Top of RAW DATA

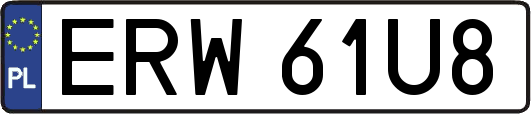 ERW61U8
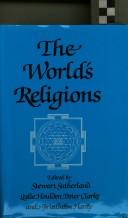 Cover of World's Religions by Stewart Sutherland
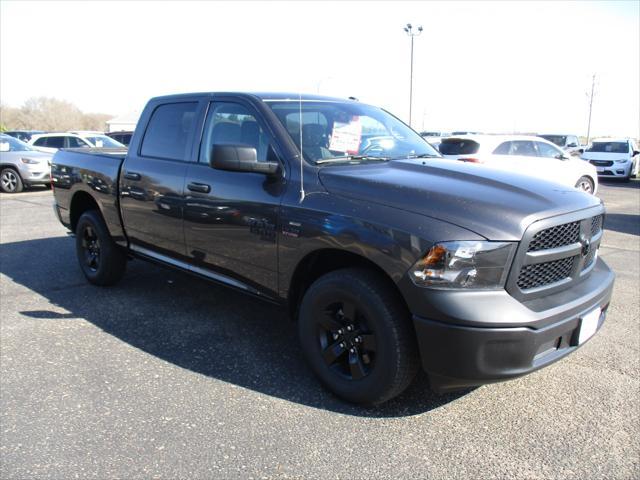 new 2023 Ram 1500 Classic car, priced at $42,999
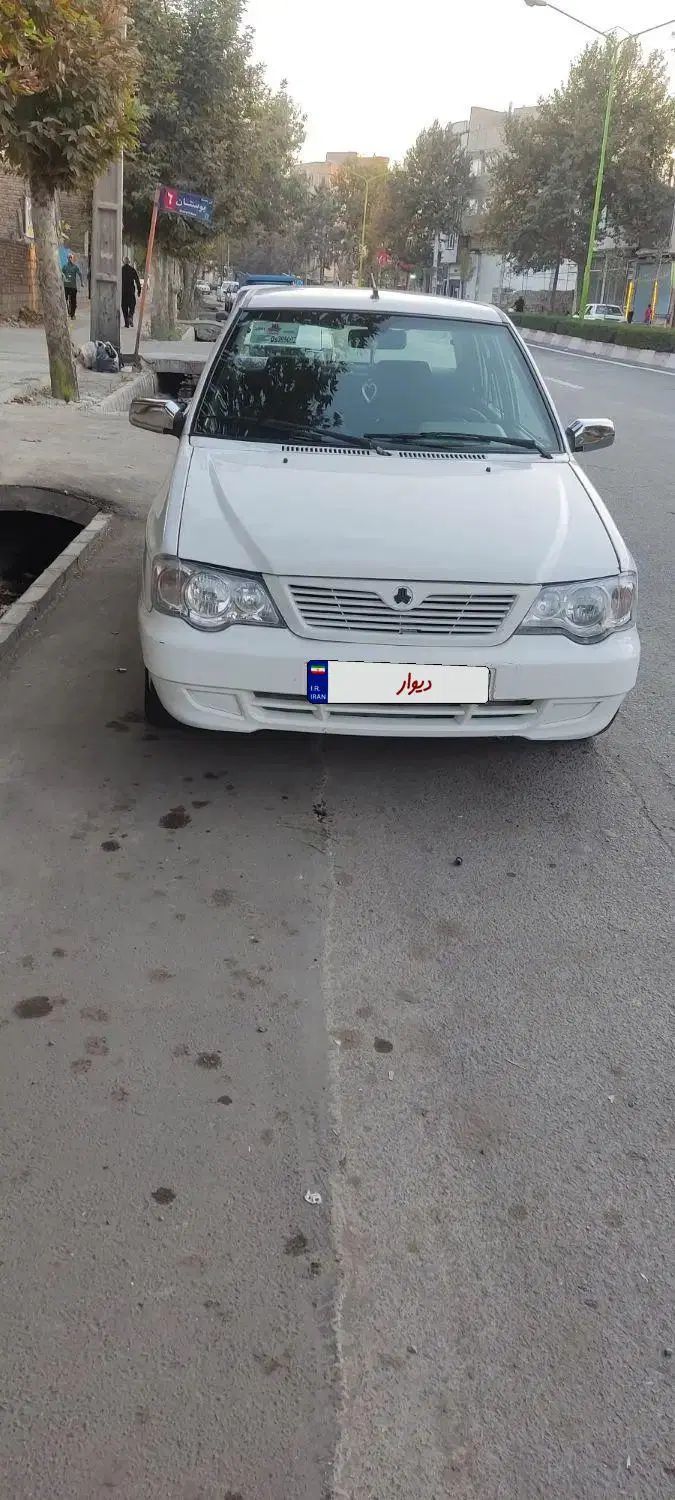 خودرو پراید، 132 آگهی ann_20427319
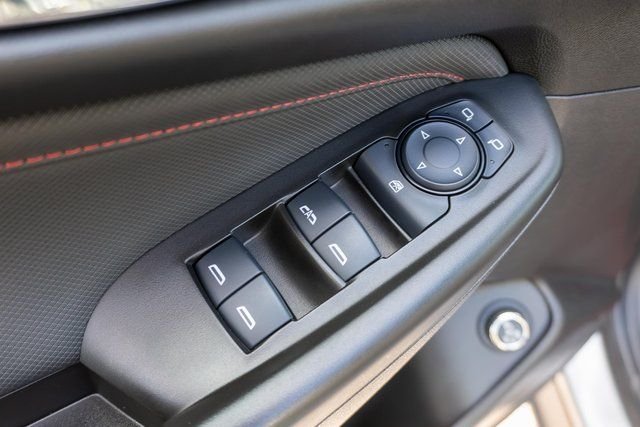 Used 2025 Gray Chevrolet RS image 19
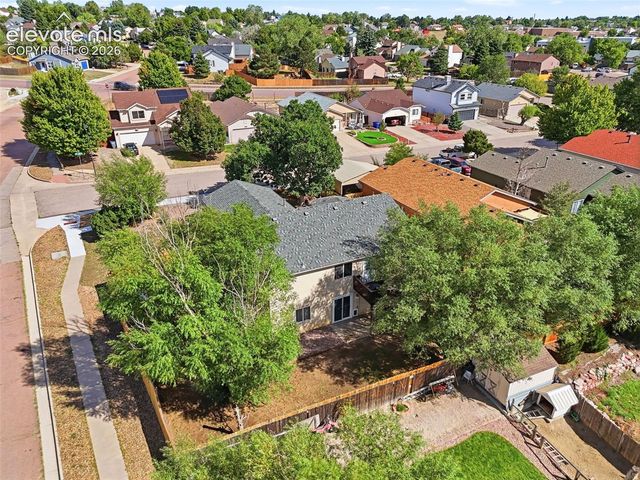 6379 Montero Circle, Colorado Springs, CO 80915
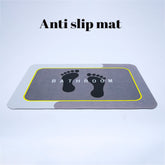 HOME Mat β Comfort & Style at Your Doorstep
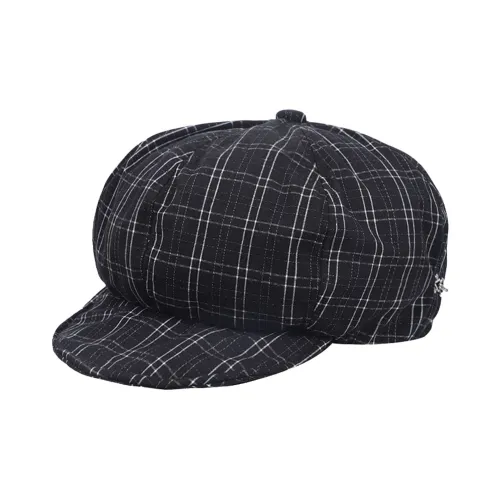 Ai Jiawei Хлопковые береты для женщин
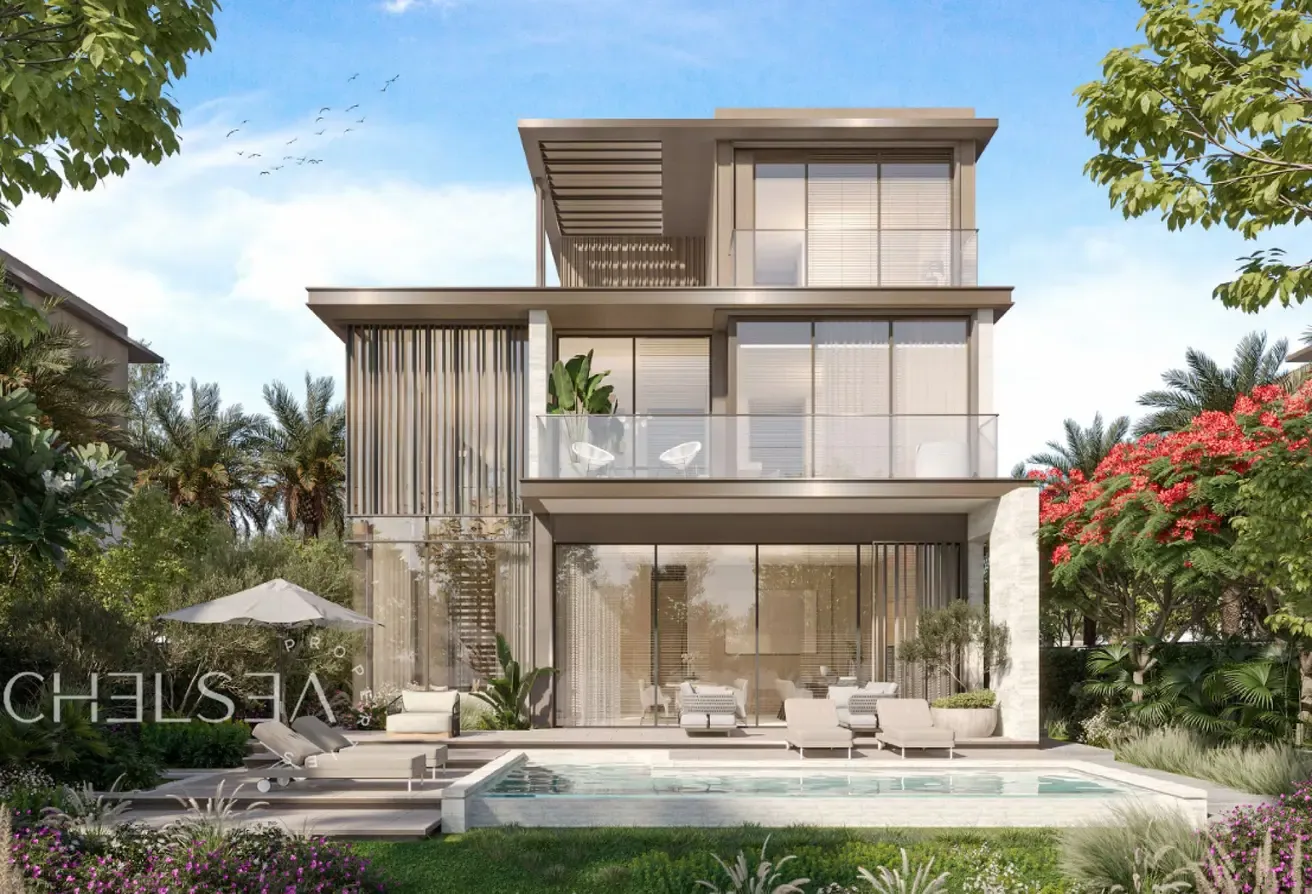 PREMIUM COMMUNITY | 5BR G+2 | MULTIPLE OPTIONS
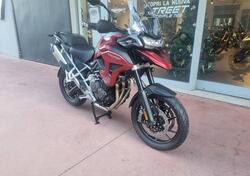 Triumph Tiger 1200 GT Pro (2024) nuova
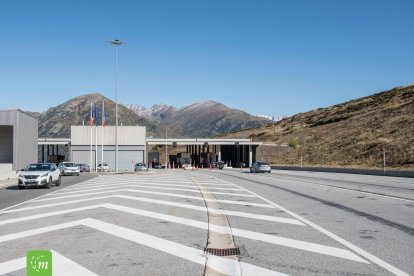 La concentració actuarà de les 9.30 hores a les 15.30 hores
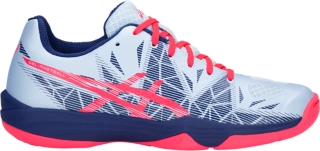 asics fastball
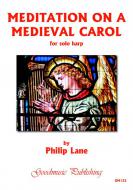 Meditation On A Medieval Carol 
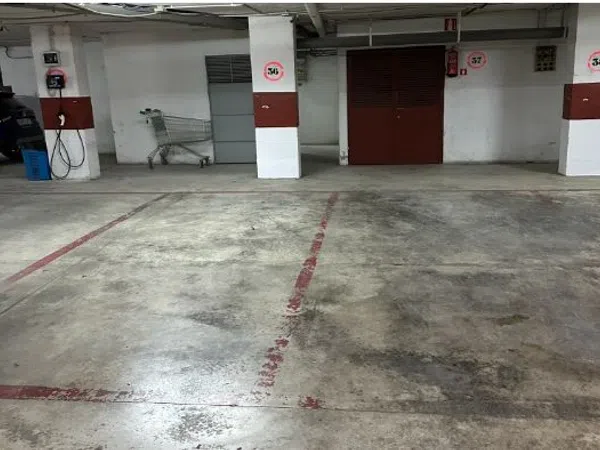 Piso en Gran Vía Alfonso X el Sabio, 2, San Lorenzo - Foto 34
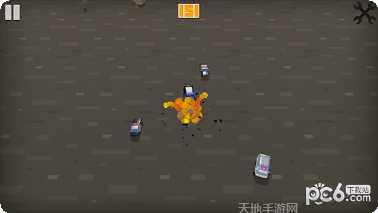 亡命时速游戏攻略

Bottom of RAW DATA

**REQUIRED ACTION**:
Each entry above should be reproduced exactly, with the pictures removed.

**COMPLETED EXERCISE**:
 ERW61U8
 Cover of World's Religions by Stewart Sutherland
 new 2023 Ram 1500 Classic car, priced at $42,999
 خودرو پراید، 132 آگهی ann_20427319
 Used 2025 Gray Chevrolet RS image 19
 6379 Montero Circle, Colorado Springs, CO 80915
 HOME Mat β Comfort & Style at Your Doorstep
 Ai Jiawei Хлопковые береты для женщин
 PREMIUM COMMUNITY | 5BR G+2 | MULTIPLE OPTIONS
 Triumph Tiger 1200 GT Pro (2024) nuova
 La concentració actuarà de les 9.30 hores a les 15.30 hores
 asics fastball
 Meditation On A Medieval Carol 
 Piso en Gran Vía Alfonso X el Sabio, 2, San Lorenzo - Foto 34
 亡命时速游戏攻略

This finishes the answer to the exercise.